Kristinn Pálsson

General Contractor Jesi
- Position: Guard
- League: Serie B Basket

Personal information
- Born: 17 December 1997 (age 28)
- Nationality: Icelandic
- Listed height: 198 cm (6 ft 6 in)

Career information
- College: Marist (2015–2017)
- Playing career: 2011–present

Career history
- 2011–2012: Njarðvík-b
- 2018–2020: Njarðvík
- 2020–2022: Grindavík
- 2022–2023: Aris Leeuwarden
- 2023–2025: Valur
- 2025–present: General Contractor Jesi

Career highlights
- Úrvalsdeild Domestic Player of the Year (2024); 2x Úrvalsdeild Domestic All-First team (2024, 2025); Úrvalsdeild karla champion (2024); 2× Icelandic Basketball Cup (2025); Icelandic Super Cup (2023);

= Kristinn Pálsson =

Icelandic basketball player

Kristinn Pálsson (born 17 December 1997) is an Icelandic basketball player and a member of the Icelandic national team.

==Basketball career==
===Early career===
Kristinn started playing basketball with the junior teams of Njarðvík at the age of 6. He played his first senior games with its reserve team in the Icelandic Cup during the 2011–12 and 2012–13 seasons. During the summer of 2013, he signed with A.S. Stella Azzurra, amateur basketball club in Rome, to play for its junior team program.

===College career===
After two seasons with Stella Azzurra, Kristinn joined Marist College in 2015. During his freshman season, he averaged 8.7 points and 4.4 rebounds. In December 2017, during his junior season, he announced that he was leaving the school due to a death in his family.

===Return to Iceland===
In January 2018, Kristinn returned to Iceland and intended to join his hometown team of Njarðvík. However, after three games FIBA revoked his playing license as Stella Azzurra was demanding compensation due to him being a member of their team when he turned 18-years old. Although he played for Njarðvík's juniors teams from the age of 6 to 16, FIBA agreed with Azzurra and Njarðvík was forced to pay a 9,600 euros in compensation.

In May 2020, Kristinn signed with Grindavík. On 29 April 2021, he scored a game winning three pointer at the buzzer against ÍR. For the season, he averaged 12.2 points, 6.4 rebounds and 3.1 assists.

=== Netherlands ===
On 24 June 2022, Kristinn signed with Dutch club Aris Leeuwarden of the BNXT League.

=== Return to Iceland ===
On 24 August 2023, Kristinn signed with Valur.

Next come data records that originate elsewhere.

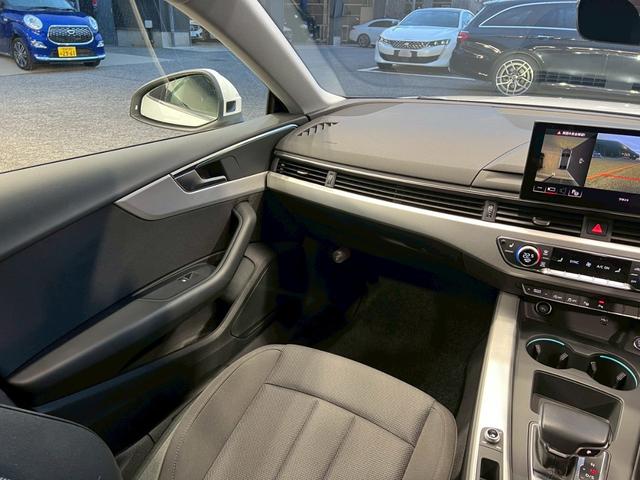 A5スポーツバック 35TDIアドバンスド AppleCarPlay/バーチャルCP/BSM/ACC/全周囲カメラ/カープレイ/電動トランク/パワーシート/シートメモリー/シートヒーター/アンビエントライト/レーダークルコン/レーンキープ(61枚目)
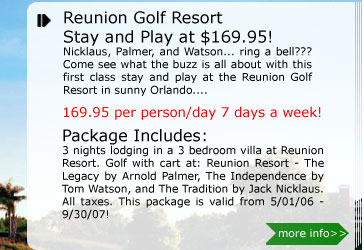 Unlimited Golf Hot Deal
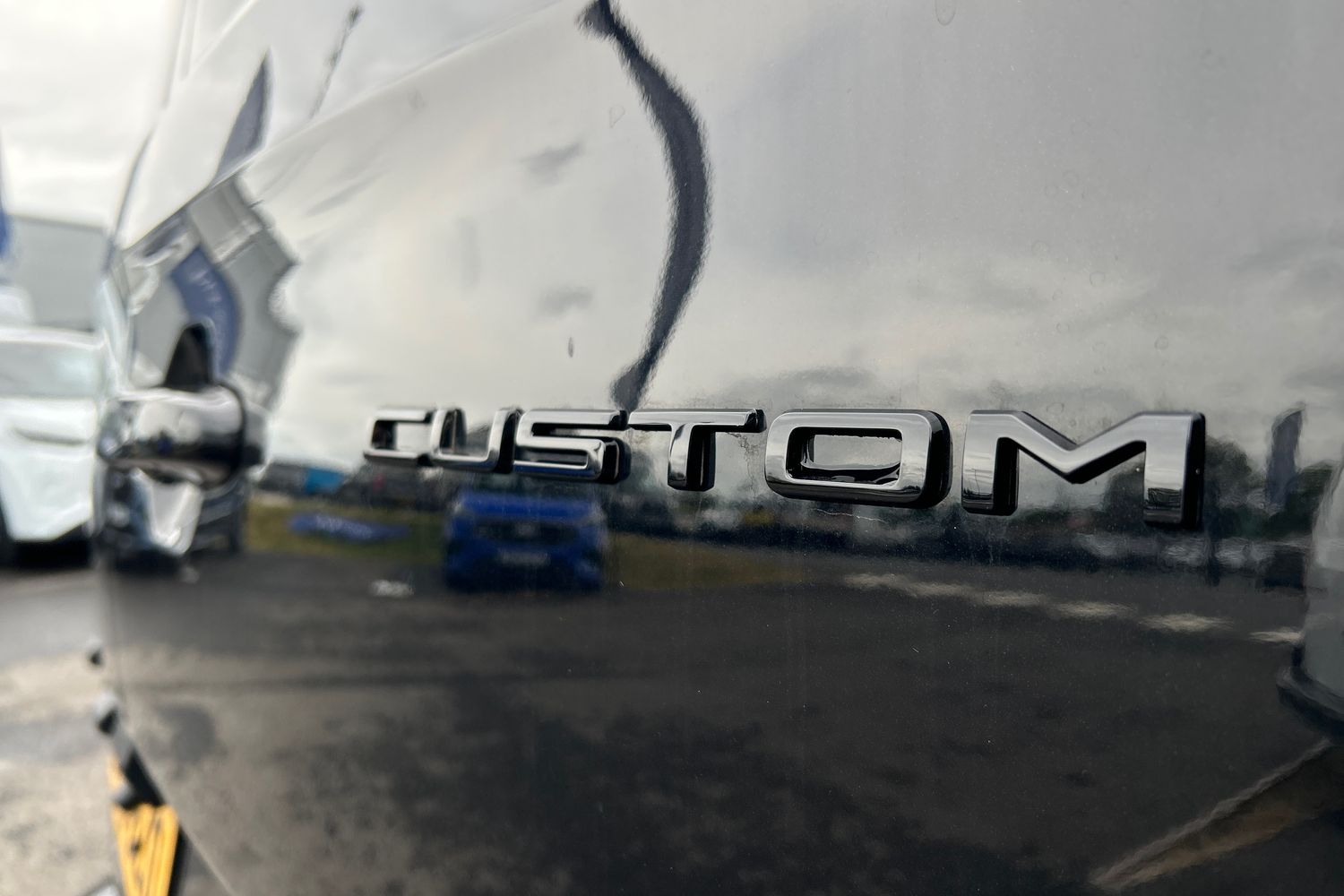 Ford TRANSIT CUSTOM Photo 20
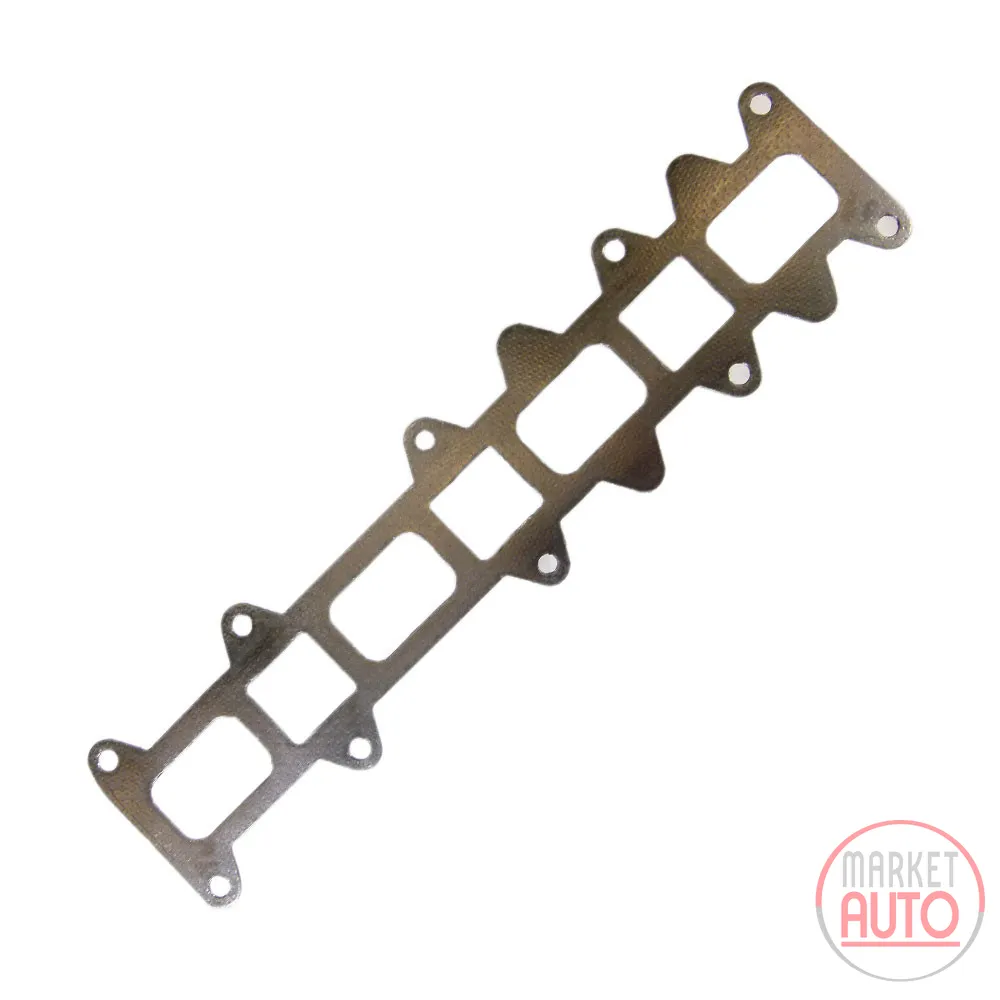 Exhaust manifold gasket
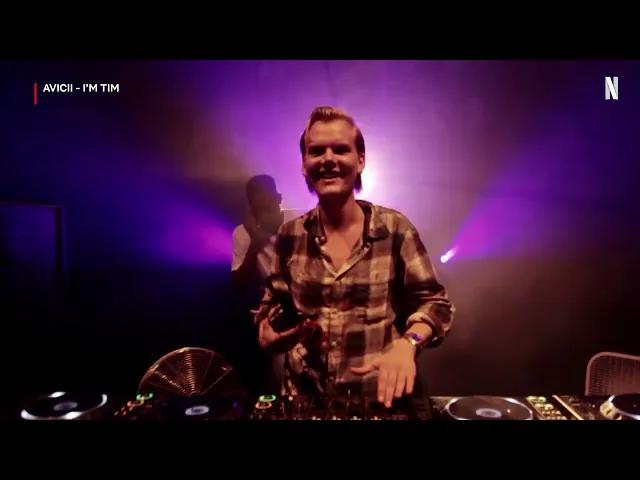 Avicii - I'm Tim | Sneak Peek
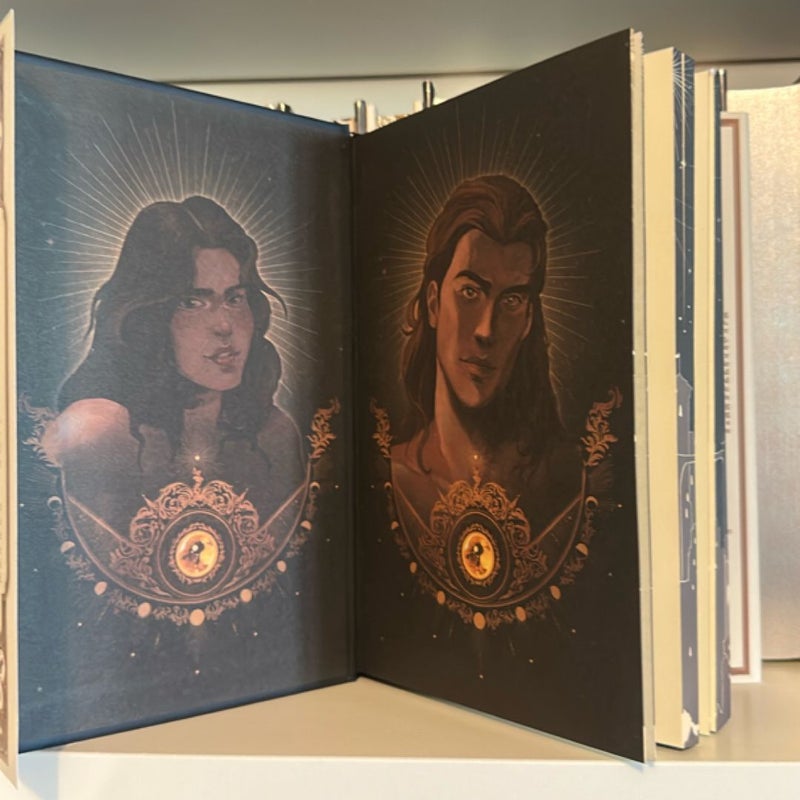 Fall of ruin and wrath (special edition)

On 24 September 2023, he won the Icelandic Super Cup after Valur defeated Tindastóll 80–72.

On 22 March 2025, he won the Icelandic Cup after Valur defeated KR in the Cup finals, 96–78.

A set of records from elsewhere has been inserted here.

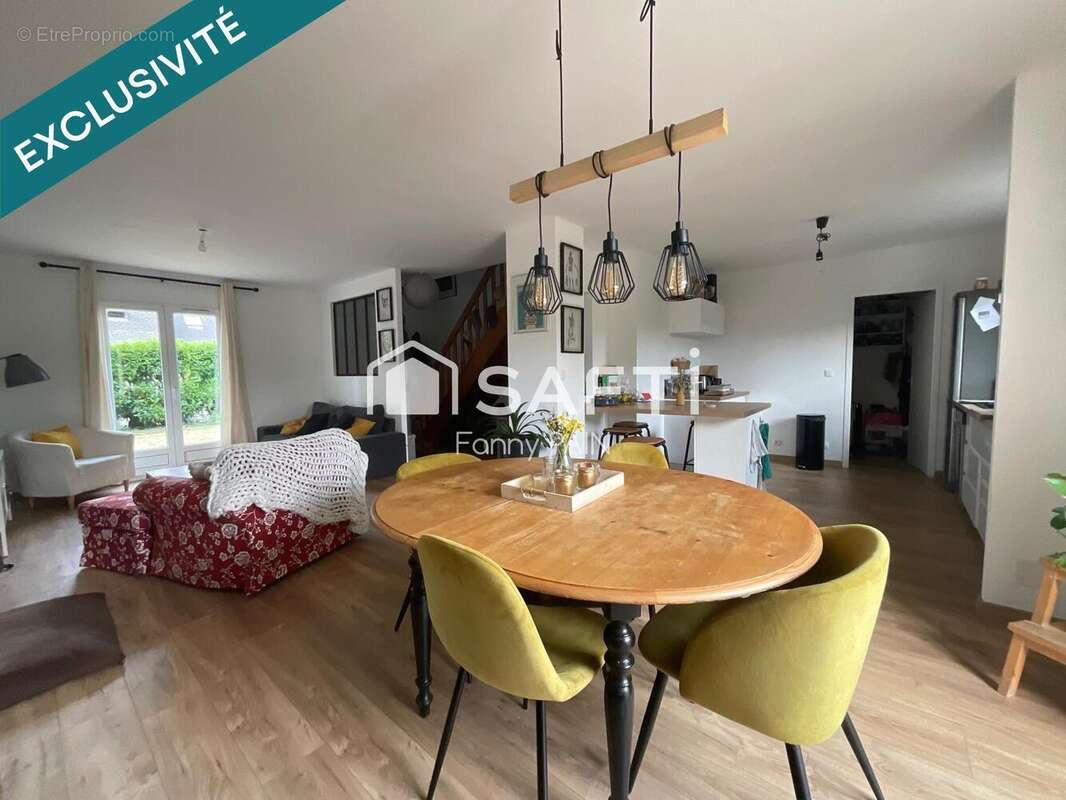 Photo 4 - Maison à MONTLOUIS-SUR-LOIRE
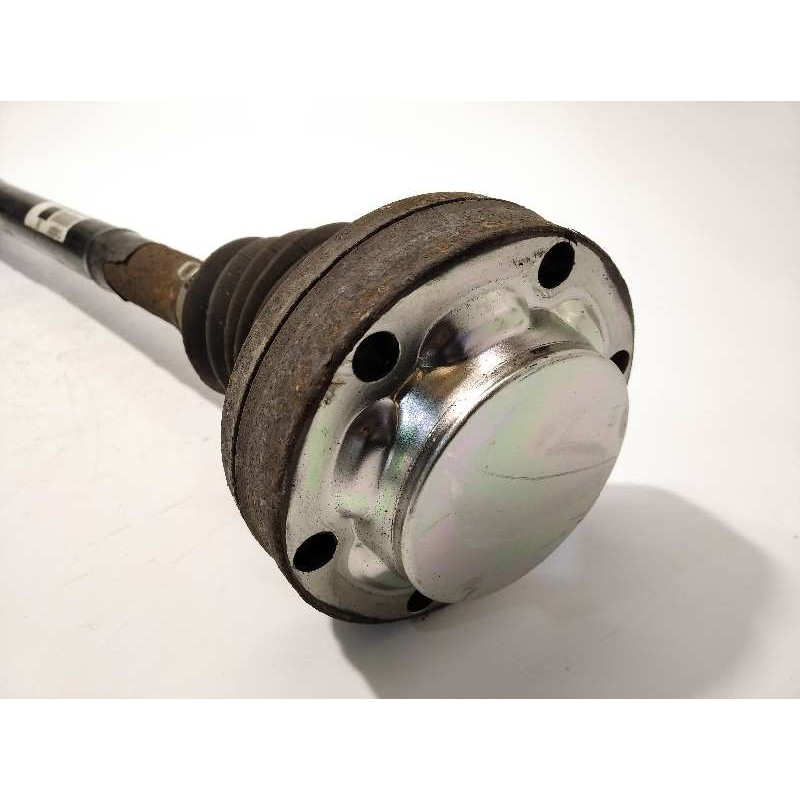 Recambio de transmision trasera izquierda para audi q7 (4l) 3.0 v6 24v tdi referencia OEM IAM 7L8501201  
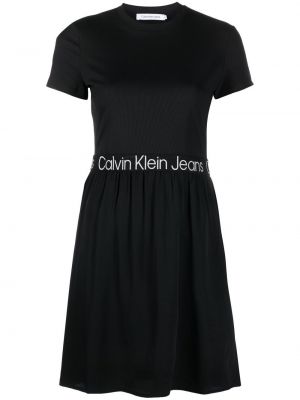 Мини рокля Calvin Klein Jeans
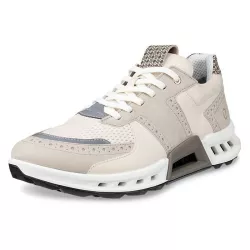 Chaussures Ecco Golf Biom C4 Gore Tex Cashmere Limestone Dark Clay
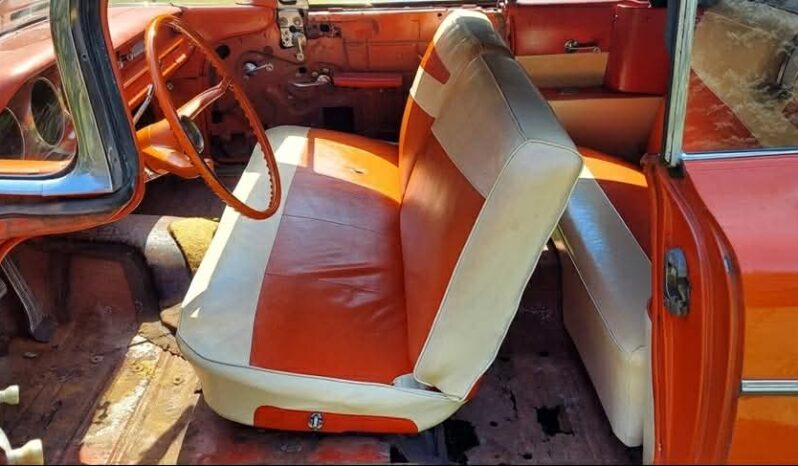 
								1959 Pontiac Convertible full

In July 2025, he signed with General Contractor Jesi of the Italian Serie B Basket.

==National team career==
Kristinn debuted with the Icelandic national team in 2017.

==Career statistics==
===National team===

| Team | Tournament | Pos. | GP | PPG | RPG | APG |
|---|---|---|---|---|---|---|
| Iceland | EuroBasket 2025 | 22nd | 5 | 7.4 | 3.4 | 1.0 |

==Personal life==
Kristinn's father is former national team player Páll Kristinsson.